[WORK REQUEST]
Would you transcribe the records below from the line with "HARSIDDHI COLLECTION AND GENERAL STORES HARSIDDHI" to the line with "簡(jiǎn)潔風(fēng", ends included, exactly and with nothing more, leaving the pictures out?

[THE INPUT]

══════════

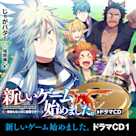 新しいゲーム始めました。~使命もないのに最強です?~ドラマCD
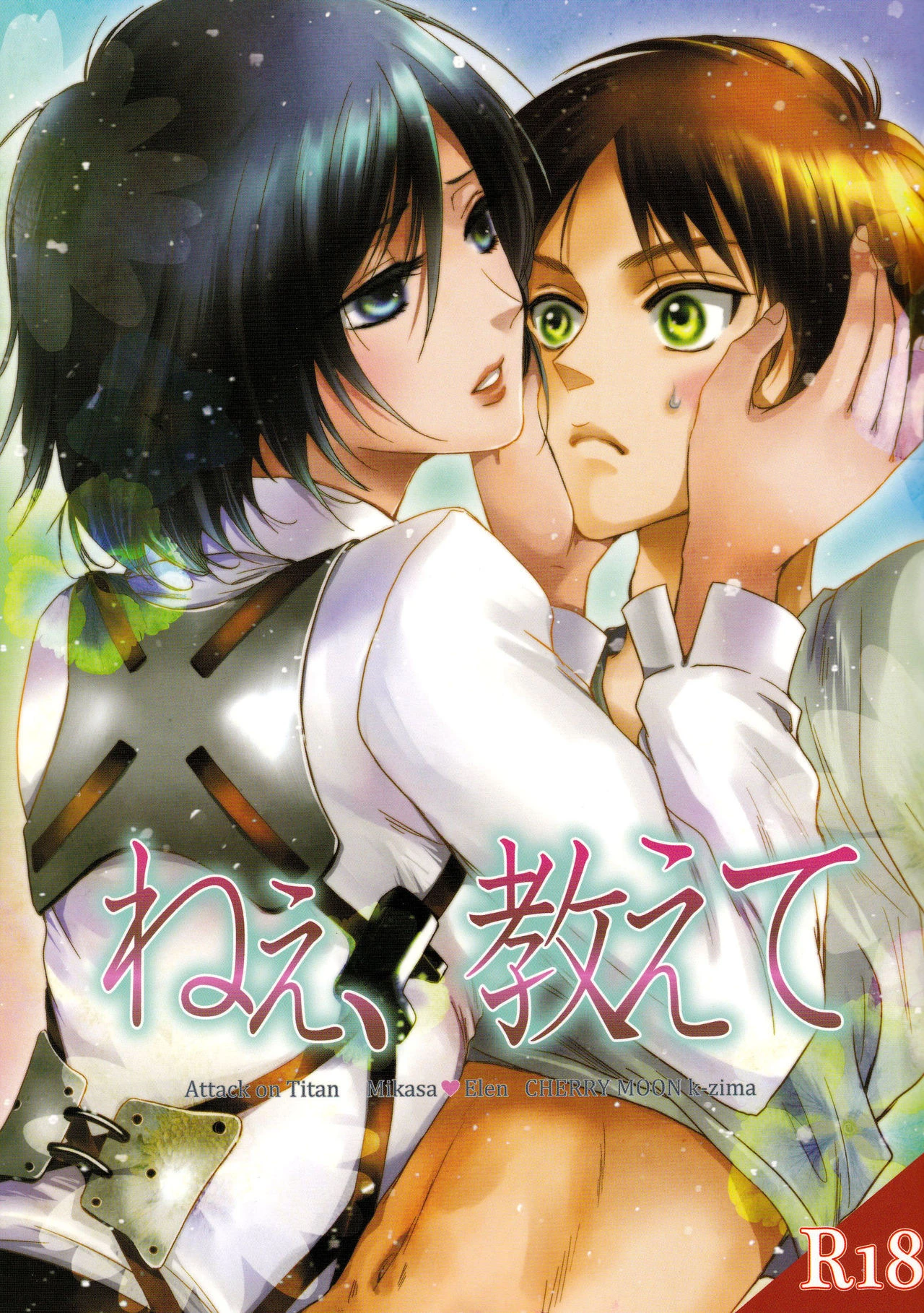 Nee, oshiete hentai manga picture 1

══════════

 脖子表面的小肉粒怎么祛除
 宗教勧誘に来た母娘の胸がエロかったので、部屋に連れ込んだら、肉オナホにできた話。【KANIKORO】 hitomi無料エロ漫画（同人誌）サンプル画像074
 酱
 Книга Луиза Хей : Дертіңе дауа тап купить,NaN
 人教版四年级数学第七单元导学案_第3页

══════════

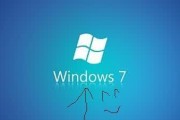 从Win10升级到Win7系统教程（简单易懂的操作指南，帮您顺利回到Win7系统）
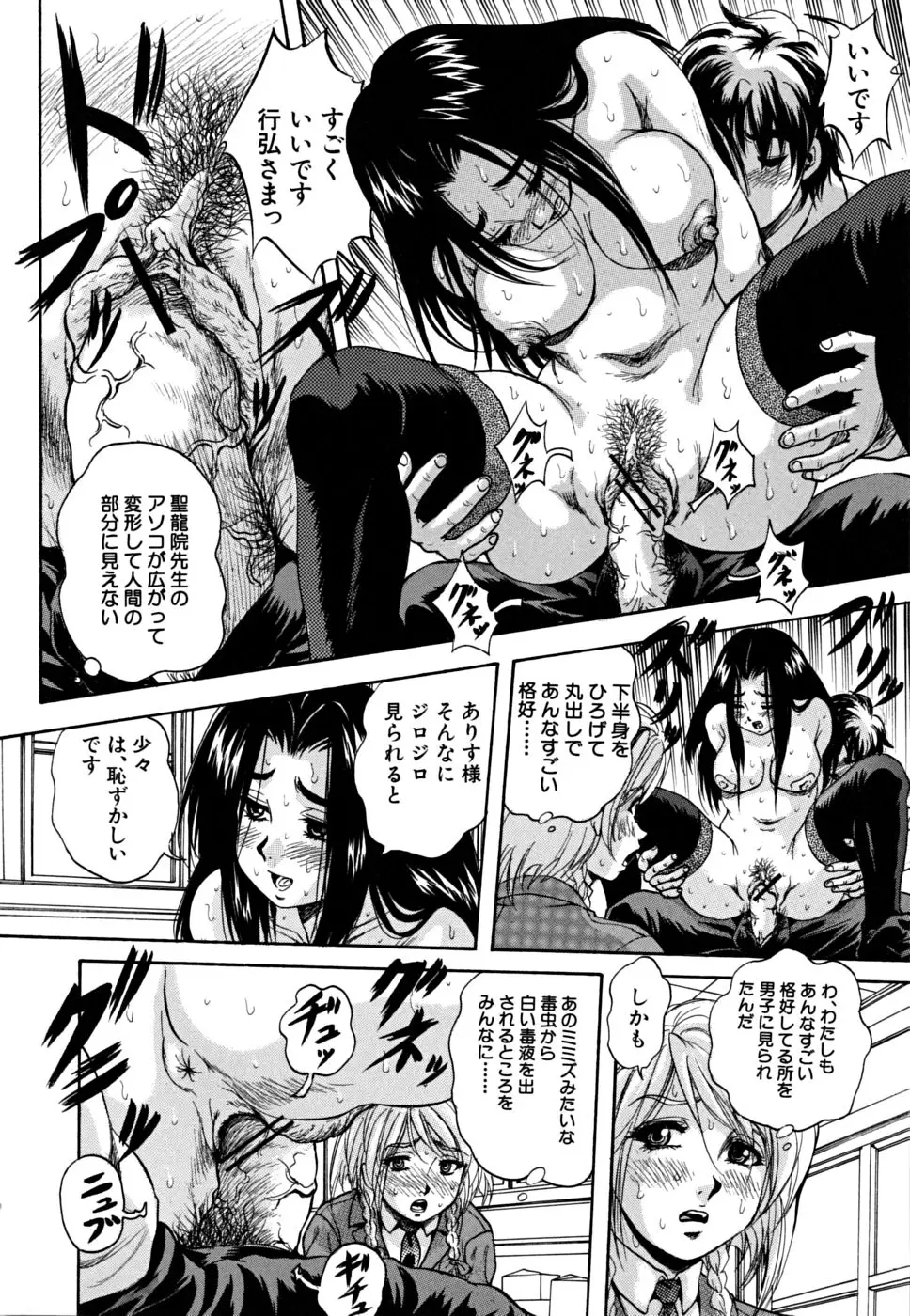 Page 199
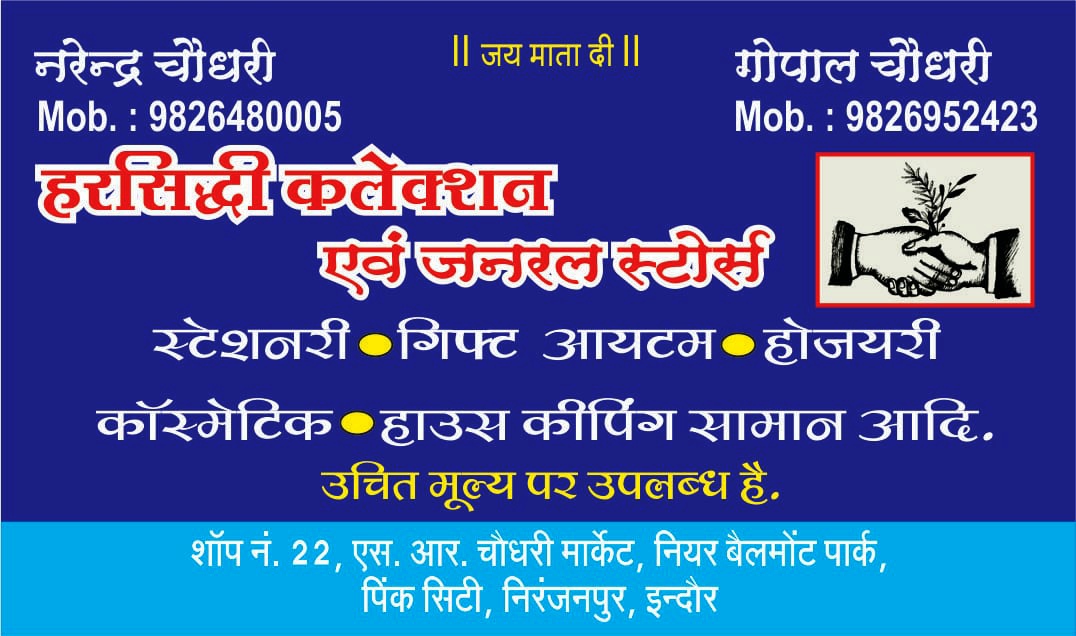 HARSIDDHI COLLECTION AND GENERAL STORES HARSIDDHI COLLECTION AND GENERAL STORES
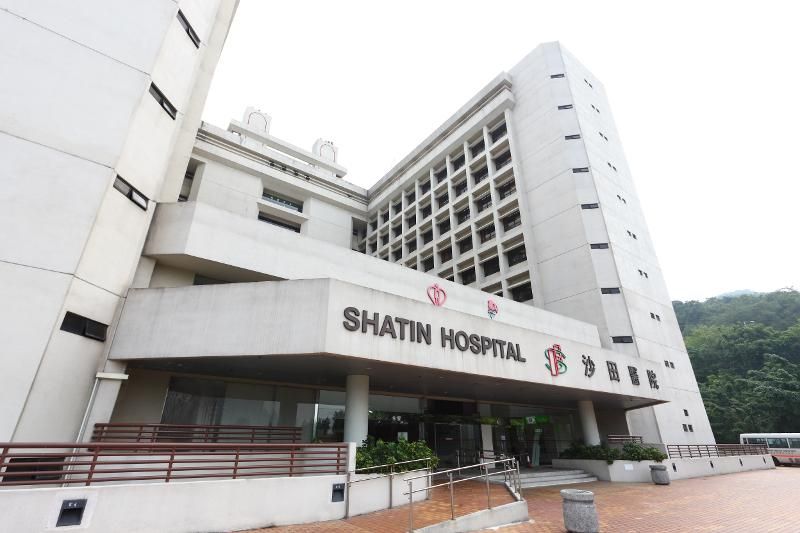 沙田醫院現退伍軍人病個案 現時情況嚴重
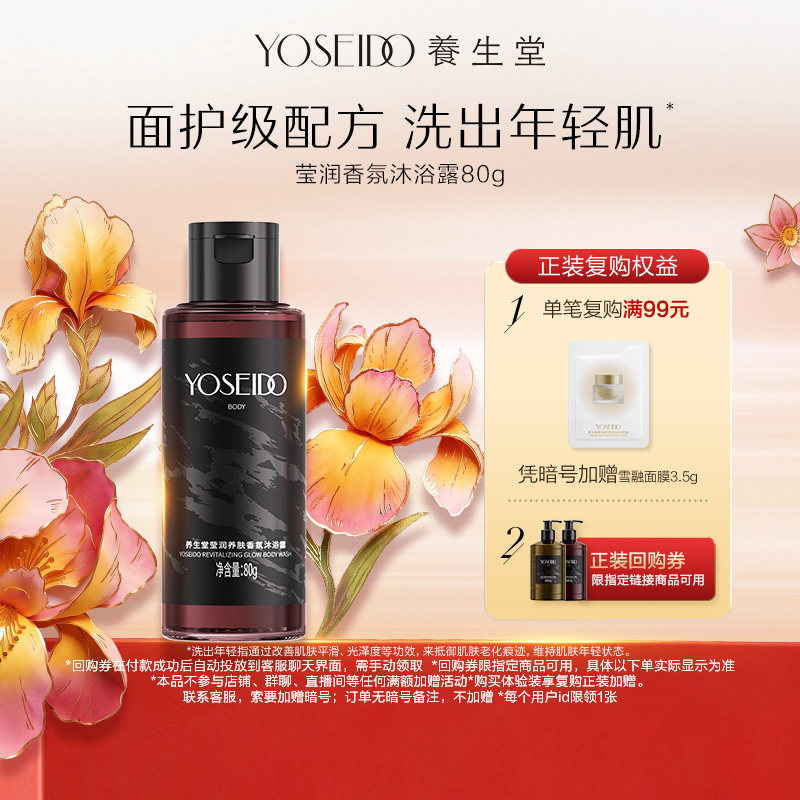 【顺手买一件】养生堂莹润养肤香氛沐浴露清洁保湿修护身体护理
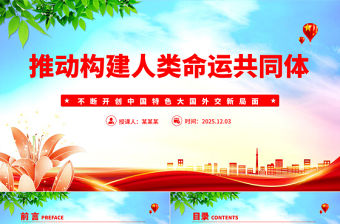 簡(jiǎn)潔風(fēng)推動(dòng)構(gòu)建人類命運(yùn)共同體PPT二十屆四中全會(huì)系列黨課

══════════

[ANSWER FOR THIS EXERCISE]
 HARSIDDHI COLLECTION AND GENERAL STORES HARSIDDHI COLLECTION AND GENERAL STORES
 沙田醫院現退伍軍人病個案 現時情況嚴重
 【顺手买一件】养生堂莹润养肤香氛沐浴露清洁保湿修护身体护理
 簡(jiǎn)潔風(fēng)推動(dòng)構(gòu)建人類命運(yùn)共同體PPT二十屆四中全會(huì)系列黨課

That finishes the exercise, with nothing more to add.